Nothing but the lines from the one with "Dimmable U-shaped Nail" down to the one with "Poster - Robot" should be returned, exactly and with both ends included, from the material below.

### Exercise input
======
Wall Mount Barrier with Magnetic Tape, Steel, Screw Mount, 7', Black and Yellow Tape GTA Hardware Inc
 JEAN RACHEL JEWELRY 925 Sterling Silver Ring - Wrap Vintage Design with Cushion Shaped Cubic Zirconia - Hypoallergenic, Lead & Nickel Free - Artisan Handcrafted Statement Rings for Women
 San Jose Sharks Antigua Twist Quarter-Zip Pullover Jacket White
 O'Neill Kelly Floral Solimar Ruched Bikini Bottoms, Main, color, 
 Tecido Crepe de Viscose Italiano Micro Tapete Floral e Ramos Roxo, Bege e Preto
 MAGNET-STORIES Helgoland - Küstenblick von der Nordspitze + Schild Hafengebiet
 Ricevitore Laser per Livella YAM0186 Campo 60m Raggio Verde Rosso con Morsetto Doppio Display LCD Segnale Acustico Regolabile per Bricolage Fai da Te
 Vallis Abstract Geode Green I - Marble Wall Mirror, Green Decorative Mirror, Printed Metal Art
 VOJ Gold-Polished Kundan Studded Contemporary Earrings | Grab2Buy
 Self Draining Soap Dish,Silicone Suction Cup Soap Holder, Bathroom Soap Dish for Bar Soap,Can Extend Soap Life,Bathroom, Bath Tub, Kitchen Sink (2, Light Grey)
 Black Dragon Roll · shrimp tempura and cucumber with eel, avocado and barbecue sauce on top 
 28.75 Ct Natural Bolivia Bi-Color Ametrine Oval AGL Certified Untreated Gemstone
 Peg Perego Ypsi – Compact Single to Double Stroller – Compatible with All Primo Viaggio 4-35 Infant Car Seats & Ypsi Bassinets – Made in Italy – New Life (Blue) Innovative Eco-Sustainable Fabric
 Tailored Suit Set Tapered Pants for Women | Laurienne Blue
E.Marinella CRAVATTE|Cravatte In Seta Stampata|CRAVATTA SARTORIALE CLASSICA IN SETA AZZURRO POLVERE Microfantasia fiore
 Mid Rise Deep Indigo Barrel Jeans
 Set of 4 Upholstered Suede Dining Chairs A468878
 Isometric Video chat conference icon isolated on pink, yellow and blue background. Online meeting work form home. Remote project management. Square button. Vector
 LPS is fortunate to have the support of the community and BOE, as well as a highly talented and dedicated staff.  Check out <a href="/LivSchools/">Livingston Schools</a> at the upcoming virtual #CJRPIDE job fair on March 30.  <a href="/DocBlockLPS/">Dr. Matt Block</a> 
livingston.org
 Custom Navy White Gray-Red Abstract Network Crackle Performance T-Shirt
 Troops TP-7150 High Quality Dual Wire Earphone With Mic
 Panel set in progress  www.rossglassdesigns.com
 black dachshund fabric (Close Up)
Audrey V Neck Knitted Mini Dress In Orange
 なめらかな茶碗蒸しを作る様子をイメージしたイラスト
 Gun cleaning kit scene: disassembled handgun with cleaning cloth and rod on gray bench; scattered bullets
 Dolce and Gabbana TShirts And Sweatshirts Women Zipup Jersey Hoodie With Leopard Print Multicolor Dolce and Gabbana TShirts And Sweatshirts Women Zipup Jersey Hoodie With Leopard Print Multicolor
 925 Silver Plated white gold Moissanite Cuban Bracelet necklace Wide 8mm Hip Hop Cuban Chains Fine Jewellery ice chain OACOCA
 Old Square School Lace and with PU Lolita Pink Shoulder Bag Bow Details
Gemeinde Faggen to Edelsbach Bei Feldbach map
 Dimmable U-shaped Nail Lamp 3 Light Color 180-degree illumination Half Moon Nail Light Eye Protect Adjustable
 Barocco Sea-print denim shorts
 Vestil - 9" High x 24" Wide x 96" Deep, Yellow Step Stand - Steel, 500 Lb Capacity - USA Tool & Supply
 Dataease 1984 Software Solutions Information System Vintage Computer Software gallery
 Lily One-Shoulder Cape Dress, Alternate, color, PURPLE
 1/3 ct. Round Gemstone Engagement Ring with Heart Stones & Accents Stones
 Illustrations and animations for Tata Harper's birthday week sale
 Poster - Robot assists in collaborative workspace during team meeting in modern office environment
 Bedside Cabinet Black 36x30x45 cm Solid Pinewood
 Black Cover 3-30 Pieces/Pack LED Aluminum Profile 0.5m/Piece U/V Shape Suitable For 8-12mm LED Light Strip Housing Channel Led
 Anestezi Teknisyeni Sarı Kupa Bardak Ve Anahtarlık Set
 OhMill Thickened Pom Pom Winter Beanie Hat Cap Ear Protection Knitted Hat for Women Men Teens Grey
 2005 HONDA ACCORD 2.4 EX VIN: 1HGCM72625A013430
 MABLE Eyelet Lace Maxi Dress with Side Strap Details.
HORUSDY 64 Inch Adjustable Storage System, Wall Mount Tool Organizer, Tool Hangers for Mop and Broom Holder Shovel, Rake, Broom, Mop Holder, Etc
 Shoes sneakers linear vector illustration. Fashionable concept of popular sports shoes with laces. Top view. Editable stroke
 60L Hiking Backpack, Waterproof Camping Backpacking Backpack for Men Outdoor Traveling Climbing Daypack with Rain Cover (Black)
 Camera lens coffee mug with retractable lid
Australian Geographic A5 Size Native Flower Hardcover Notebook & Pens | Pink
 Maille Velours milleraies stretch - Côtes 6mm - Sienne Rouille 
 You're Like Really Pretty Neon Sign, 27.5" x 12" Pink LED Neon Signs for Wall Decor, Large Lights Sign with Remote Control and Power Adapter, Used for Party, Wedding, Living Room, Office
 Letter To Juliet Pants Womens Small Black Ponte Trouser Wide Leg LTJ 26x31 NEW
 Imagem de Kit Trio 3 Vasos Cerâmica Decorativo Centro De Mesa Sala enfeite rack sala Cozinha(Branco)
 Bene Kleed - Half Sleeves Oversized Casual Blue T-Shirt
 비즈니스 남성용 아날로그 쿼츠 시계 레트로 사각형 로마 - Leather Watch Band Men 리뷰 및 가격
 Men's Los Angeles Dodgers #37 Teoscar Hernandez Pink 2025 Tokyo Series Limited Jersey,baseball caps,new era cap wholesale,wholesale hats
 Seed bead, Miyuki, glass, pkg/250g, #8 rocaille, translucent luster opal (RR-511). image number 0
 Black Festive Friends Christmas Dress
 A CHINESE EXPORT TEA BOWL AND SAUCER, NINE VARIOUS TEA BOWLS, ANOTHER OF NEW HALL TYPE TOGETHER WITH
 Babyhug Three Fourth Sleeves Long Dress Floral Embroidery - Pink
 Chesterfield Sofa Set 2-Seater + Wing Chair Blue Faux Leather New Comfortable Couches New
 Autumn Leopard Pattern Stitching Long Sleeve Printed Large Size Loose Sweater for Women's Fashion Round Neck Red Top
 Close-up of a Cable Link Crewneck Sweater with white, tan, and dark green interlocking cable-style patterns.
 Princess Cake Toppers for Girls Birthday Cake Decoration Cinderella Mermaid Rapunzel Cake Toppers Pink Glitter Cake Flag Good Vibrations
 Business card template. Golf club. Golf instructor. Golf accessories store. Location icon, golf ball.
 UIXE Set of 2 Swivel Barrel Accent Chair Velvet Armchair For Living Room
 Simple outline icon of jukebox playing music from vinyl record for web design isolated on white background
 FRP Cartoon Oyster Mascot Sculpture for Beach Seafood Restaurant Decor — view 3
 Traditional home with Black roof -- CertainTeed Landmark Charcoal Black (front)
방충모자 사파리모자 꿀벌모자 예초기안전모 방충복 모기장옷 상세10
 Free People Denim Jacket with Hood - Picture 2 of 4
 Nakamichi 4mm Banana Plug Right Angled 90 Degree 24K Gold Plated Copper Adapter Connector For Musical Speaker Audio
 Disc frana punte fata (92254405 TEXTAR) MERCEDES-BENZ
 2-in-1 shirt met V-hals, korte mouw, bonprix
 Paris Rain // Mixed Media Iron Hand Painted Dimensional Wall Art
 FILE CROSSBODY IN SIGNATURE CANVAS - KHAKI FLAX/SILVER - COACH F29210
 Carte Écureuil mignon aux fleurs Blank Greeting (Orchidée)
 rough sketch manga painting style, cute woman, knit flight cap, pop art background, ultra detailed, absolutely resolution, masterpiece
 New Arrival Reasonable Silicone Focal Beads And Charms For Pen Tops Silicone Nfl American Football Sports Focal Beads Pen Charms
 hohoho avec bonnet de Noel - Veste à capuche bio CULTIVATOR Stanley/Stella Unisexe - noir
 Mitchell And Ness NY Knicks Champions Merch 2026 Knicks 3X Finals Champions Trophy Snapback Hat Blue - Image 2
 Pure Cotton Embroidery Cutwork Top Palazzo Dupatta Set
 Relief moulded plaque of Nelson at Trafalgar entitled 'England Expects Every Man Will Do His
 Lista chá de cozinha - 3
======
### Written response
 Dimmable U-shaped Nail Lamp 3 Light Color 180-degree illumination Half Moon Nail Light Eye Protect Adjustable
 Barocco Sea-print denim shorts
 Vestil - 9" High x 24" Wide x 96" Deep, Yellow Step Stand - Steel, 500 Lb Capacity - USA Tool & Supply
 Dataease 1984 Software Solutions Information System Vintage Computer Software gallery
 Lily One-Shoulder Cape Dress, Alternate, color, PURPLE
 1/3 ct. Round Gemstone Engagement Ring with Heart Stones & Accents Stones
 Illustrations and animations for Tata Harper's birthday week sale
 Poster - Robot assists in collaborative workspace during team meeting in modern office environment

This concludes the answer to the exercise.